Data for analysis
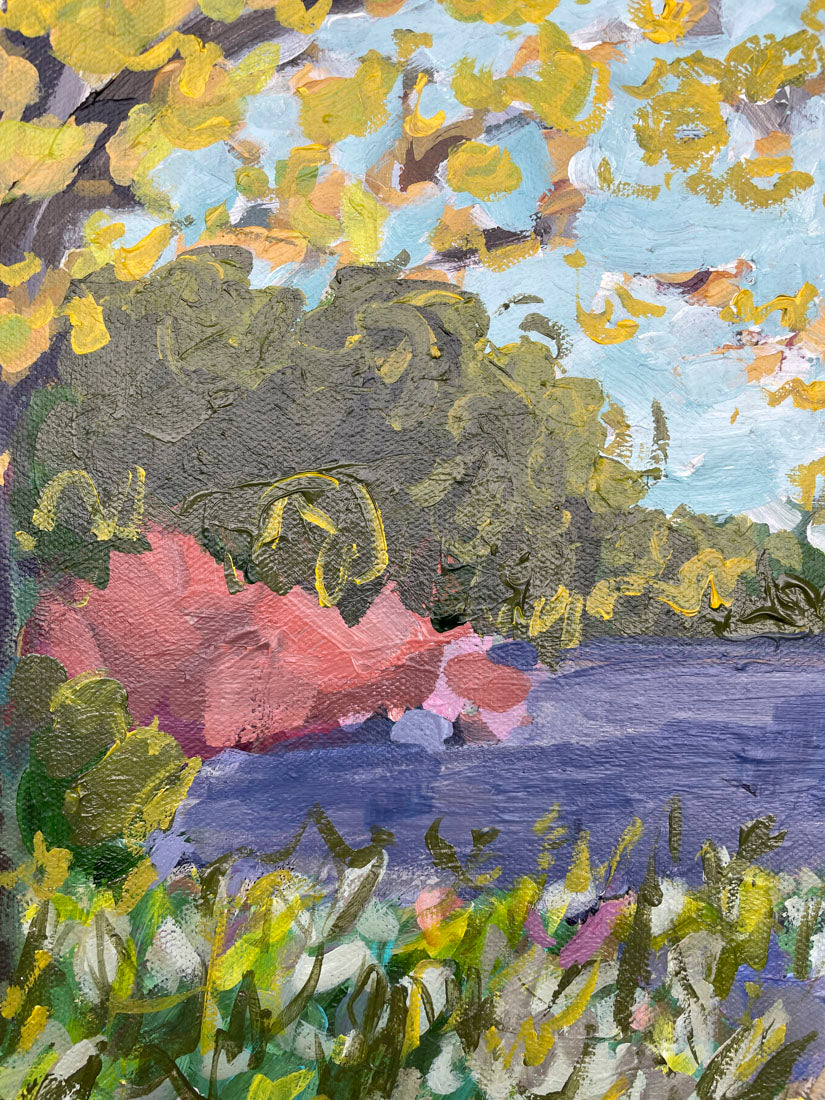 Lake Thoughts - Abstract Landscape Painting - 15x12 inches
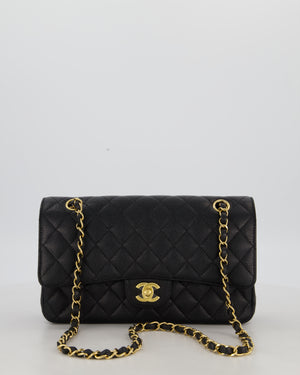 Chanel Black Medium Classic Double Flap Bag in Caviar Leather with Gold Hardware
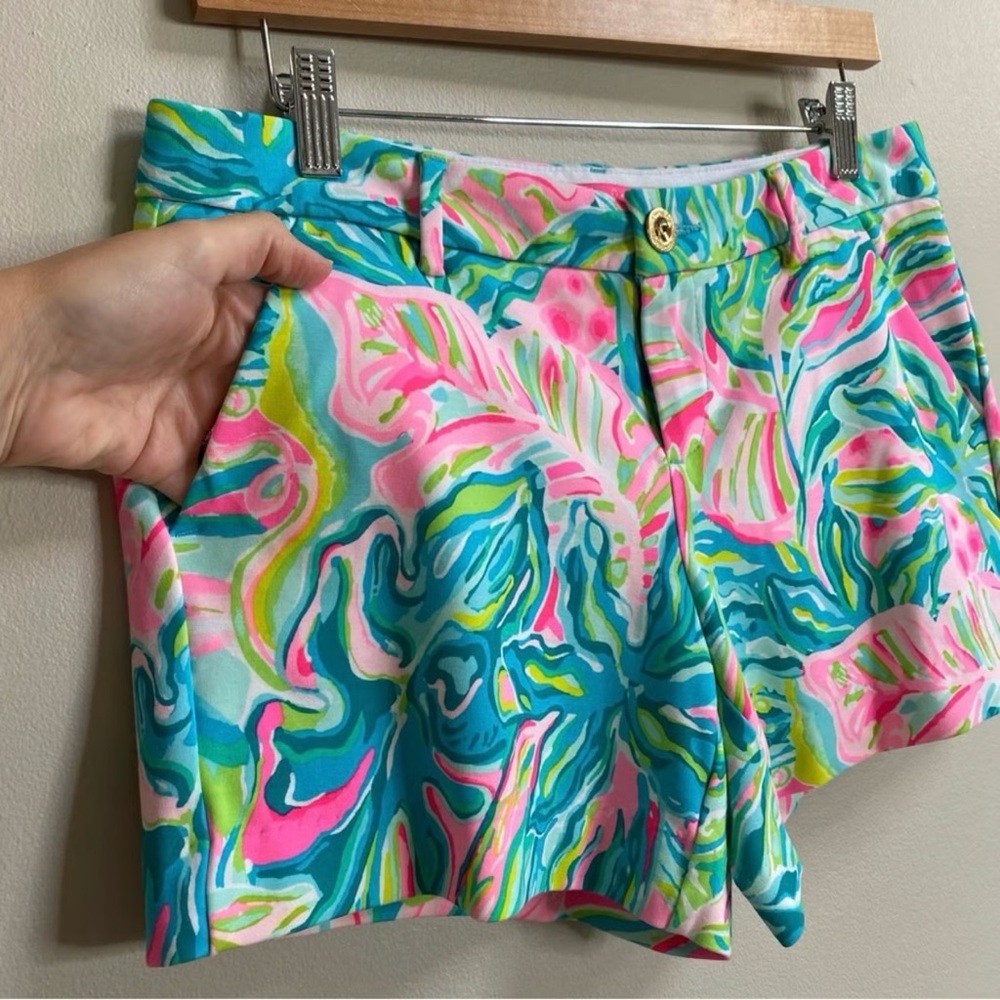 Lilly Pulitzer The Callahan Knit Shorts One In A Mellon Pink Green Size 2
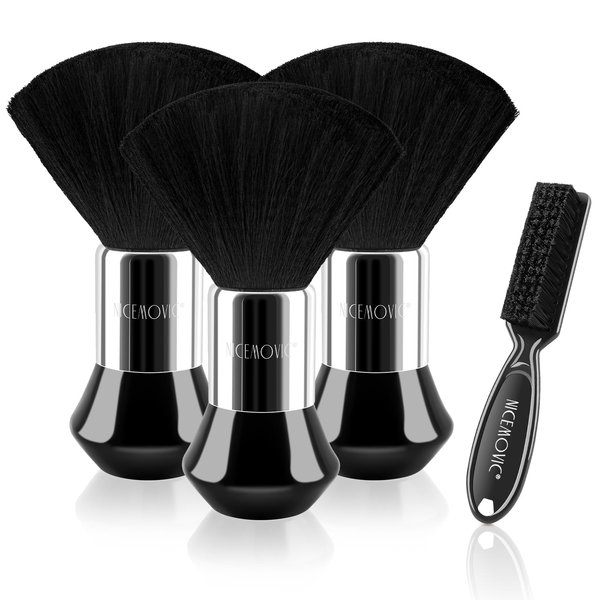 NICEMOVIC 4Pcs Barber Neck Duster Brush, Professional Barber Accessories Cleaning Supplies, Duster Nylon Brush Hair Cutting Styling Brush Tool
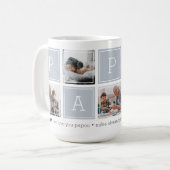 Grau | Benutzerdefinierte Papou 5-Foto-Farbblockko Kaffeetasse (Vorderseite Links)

Problem requirements
Except for the pictures, copy every line of the records above exactly.

Answer for the task
 Lake Thoughts - Abstract Landscape Painting - 15x12 inches
 Chanel Black Medium Classic Double Flap Bag in Caviar Leather with Gold Hardware
 Lilly Pulitzer The Callahan Knit Shorts One In A Mellon Pink Green Size 2
 NICEMOVIC 4Pcs Barber Neck Duster Brush, Professional Barber Accessories Cleaning Supplies, Duster Nylon Brush Hair Cutting Styling Brush Tool
 Grau | Benutzerdefinierte Papou 5-Foto-Farbblockko Kaffeetasse (Vorderseite Links)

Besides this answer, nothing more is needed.